DEAR STAGE 2: We’re a series A company HQ’d in NYC and almost all of our revenue is in North America. We have started to receive some inbound leads from other countries and our early research indicates that the product requirements are pretty consistent, in Europe at least. How should we think about international expansion? When is it the right time to start expanding our GTM efforts beyond the US? ~Leaning Global
DEAR LEANING GLOBAL: If you had asked this question a decade ago, my response would have been about focussing on your core market. But in today's connected global marketplace, we’re seeing companies expand internationally *much* earlier in the lifecycle of a company.
I recently chatted with Marie-Michèle Caron, a Stage 2 Limited Partner, and leader who has personally made the move to open a new market - she truly knows what it takes to take companies global. Read on for her advice on approaching international expansion as a Series A company.
Plan Ahead, But Take Baby Steps
Marie advises to start thinking globally from the get-go. Not selling globally, but planning for the future. “Start thinking global right away - your product definition, roadmap, platform, how you think about sales ops/management has to be global or you won’t be able to serve customers abroad when the time comes."
This doesn't mean you need to launch in 20 countries tomorrow. It means building the foundations that will allow you to go international when the time is right. Think about how your product can and will scale across different markets, languages, and regulatory environments, and ensure you are making long-term decisions that support this goal.
Now, let's talk about timing. Just because you're getting some inbound leads from Europe doesn't mean it's time to open an office in London. Marie advises: "Don't just start shifting marketing dollars and headcount. You can cover the first few customers with extra time zone coverage from your BDRs, Sales, CS."
In other words, let the market pull you in rather than trying to push your way in. When you start seeing recurring and repeatable revenue from a region, that's when it's time to consider putting boots on the ground.
Staffing a Local Team
When you do decide to make the leap, staffing is crucial. Marie recommends sending one of your core team members as the first employee in a new region. “Pick one founder or core early employee to make the move and bring the culture and product knowledge. They need to bring what's already working to the new location. New employees are not going to commit to the mission unless they feel that connection and live the values - this comes from senior leadership."
This person who relocates will typically be in sales or technical sales - someone who can do demos in the right time zone and provide local customer support. They may or may not act as the GM of the region depending on seniority level. Marketing, legal, HR, and product can and should stay at HQ at this stage.
Here's a key point: treat your international expansion like an independent business. Give it its own P&L and empower your local leadership to own their territory. Set targets together, but let them request the resources they need to hit those targets. If the local team wants to spend 80% of the marketing budget on an event, you have to trust their perspective on the market and not assume the same strategies that worked in the US are repeatable abroad.

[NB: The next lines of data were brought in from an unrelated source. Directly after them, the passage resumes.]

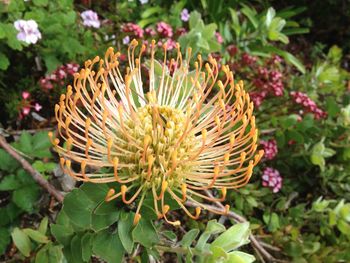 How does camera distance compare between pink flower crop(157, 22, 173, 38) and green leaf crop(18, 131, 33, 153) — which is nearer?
green leaf crop(18, 131, 33, 153)

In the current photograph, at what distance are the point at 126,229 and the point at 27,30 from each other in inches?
44.3

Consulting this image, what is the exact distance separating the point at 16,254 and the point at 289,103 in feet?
5.18

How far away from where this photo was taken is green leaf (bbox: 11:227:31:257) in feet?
5.32

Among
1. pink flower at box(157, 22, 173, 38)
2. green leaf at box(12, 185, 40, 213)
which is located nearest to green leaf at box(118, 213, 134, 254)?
green leaf at box(12, 185, 40, 213)

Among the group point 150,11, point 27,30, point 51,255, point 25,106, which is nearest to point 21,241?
point 51,255

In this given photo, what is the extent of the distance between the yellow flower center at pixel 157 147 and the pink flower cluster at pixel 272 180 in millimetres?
1047

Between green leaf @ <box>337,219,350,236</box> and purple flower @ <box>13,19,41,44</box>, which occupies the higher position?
purple flower @ <box>13,19,41,44</box>

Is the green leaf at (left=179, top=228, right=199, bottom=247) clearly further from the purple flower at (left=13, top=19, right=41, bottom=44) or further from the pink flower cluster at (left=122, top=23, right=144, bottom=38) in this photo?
the pink flower cluster at (left=122, top=23, right=144, bottom=38)

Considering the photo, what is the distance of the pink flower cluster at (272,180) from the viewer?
2242mm

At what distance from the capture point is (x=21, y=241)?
1.63 meters

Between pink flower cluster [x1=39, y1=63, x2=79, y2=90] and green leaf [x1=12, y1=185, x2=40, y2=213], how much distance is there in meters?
0.53

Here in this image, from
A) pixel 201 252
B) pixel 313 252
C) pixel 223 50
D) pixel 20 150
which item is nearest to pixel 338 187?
pixel 313 252

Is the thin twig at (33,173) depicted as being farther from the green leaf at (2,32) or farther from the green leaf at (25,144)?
the green leaf at (2,32)

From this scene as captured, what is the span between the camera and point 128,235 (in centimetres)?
121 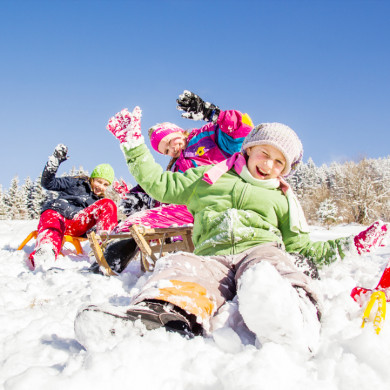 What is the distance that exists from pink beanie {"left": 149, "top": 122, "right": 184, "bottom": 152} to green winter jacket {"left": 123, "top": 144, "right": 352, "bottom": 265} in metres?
1.25

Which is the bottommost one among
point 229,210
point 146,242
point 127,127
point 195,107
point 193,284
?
point 146,242

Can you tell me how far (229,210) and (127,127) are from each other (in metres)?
0.75

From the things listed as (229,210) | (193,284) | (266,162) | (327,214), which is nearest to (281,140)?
(266,162)

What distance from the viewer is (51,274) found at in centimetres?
259

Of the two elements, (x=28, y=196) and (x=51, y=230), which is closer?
(x=51, y=230)

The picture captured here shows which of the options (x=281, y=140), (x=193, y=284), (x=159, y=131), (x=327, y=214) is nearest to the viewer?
(x=193, y=284)

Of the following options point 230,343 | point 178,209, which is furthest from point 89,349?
point 178,209

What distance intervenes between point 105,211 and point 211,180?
2548 millimetres

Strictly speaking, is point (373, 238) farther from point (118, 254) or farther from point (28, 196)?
point (28, 196)

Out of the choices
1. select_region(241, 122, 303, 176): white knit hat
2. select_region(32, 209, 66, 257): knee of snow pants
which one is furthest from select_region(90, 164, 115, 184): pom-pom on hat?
select_region(241, 122, 303, 176): white knit hat

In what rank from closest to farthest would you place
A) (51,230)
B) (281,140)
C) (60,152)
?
1. (281,140)
2. (51,230)
3. (60,152)

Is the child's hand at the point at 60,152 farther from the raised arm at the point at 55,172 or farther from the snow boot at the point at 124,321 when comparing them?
the snow boot at the point at 124,321

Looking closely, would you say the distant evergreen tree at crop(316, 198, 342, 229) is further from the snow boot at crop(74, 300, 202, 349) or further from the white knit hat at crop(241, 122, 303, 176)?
the snow boot at crop(74, 300, 202, 349)

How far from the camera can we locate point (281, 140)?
204cm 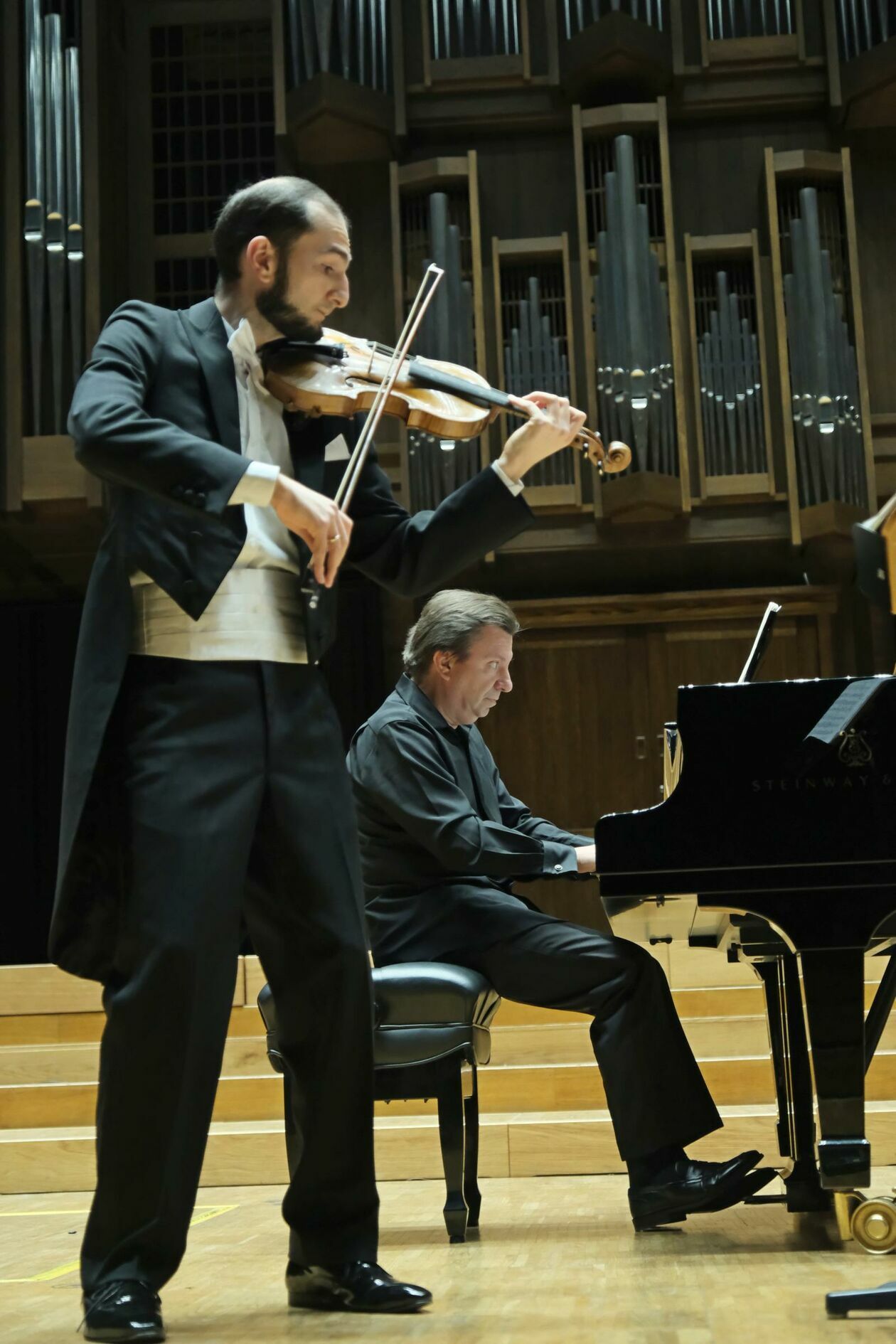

While you give autonomy, you can't let your international office become an island. Marie emphasizes the importance of regular face-to-face meetings: "You have to bring that person back to HQ a few times per year, and make it a priority to go to visit them too. Quarterly in person touch points matter to avoid growing a totally separate business." Remember, as the founder or CEO, the onus is on you - it's your job to maintain alignment between HQ and your international offices.
Preparing to Scale
Once you’ve invested in building a local team, you have to be “all in” on the region. This means getting your entire executive team aligned and committed to delivering across the board. Requirements come in different forms:
Staffing including time zone and language support
Localization of the product - both language and feature requirements
Local legal requirements and compliance (ex: GDPR)
Finally, don't rule out acquisitions as a way to accelerate your international expansion. An acqui-hire can give you a team that already knows how to work together in the market, has a localized product, or has an established partner channel that can accelerate your timeline to scale.
Remember, the goal isn't just to be in new markets - it's to win in new markets!
Until next week!
All great points for building a direct presence, but I'd also suggest considering an indirect strategy by identifying key partners that can help break into the market with local relationships, culture, language and expertise. This will create leverage, cost effectively, as you learn the market and evaluate a greater investment in people and infrastructure. Partnerships can be an effective way to scale internationally.